Yes I know that it works but I was considering being consistent with your original post in which you were clearly only considering real solutions.

For example :
5.

[tex]\sin \theta =\sec \theta[/tex]

[tex]\theta[/tex] does not exist.
There are no real solutions to that equation, but there definitely are complex solutions. Basically I was pointing out that the expression in question doesn't evaluate to a real number, whereas previously you seemed to be only considering reals.
 
  • #16
371
0
Yes the "f^{-1}" notation is still very commonly used for both trig and hyp-trig functions. See for example : http://mathworld.wolfram.com/InverseHyperbolicFunctions.html
I was just clarifying to make sure it was an inverse hyperbolic function and not something like sin^2...

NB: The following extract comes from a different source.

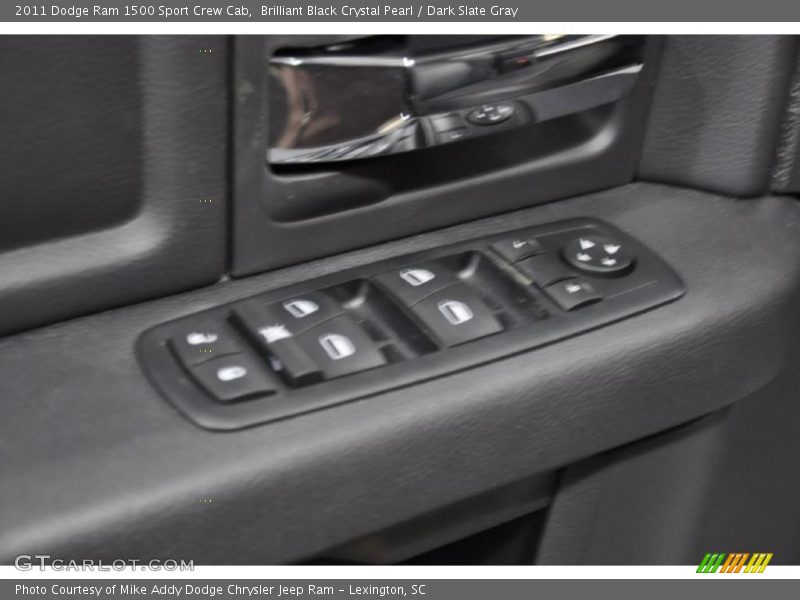 Brilliant Black Crystal Pearl / Dark Slate Gray 2011 Dodge Ram 1500 Sport Crew Cab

There are no real solutions to that equation, but there definitely are complex solutions. Basically I was pointing out that the expression in question doesn't evaluate to a real number, whereas previously you seemed to be only considering reals.
Are you sure there are complex solutions?

[tex]\sin \theta =\sec \theta[/tex]

[tex]\sin \theta =\frac{1}{\cos \theta}[/tex]

[tex]\sin \theta \cos \theta =1[/tex]

As the maximum of both [tex]\sin \theta[/tex] and [tex]\cos \theta[/tex] is 1, both [tex]\sin \theta[/tex] and [tex]\cos \theta[/tex] should be 1. Then as [tex]\cos \theta=1[/tex], [tex]\frac{\theta}{\pi}[/tex] is a whole number, thus [tex]\sin \theta=0[/tex]. But we have earlier said that [tex]\sin\theta=1[/tex] and [tex]1 \neq 0[/tex] so there is no value of theta.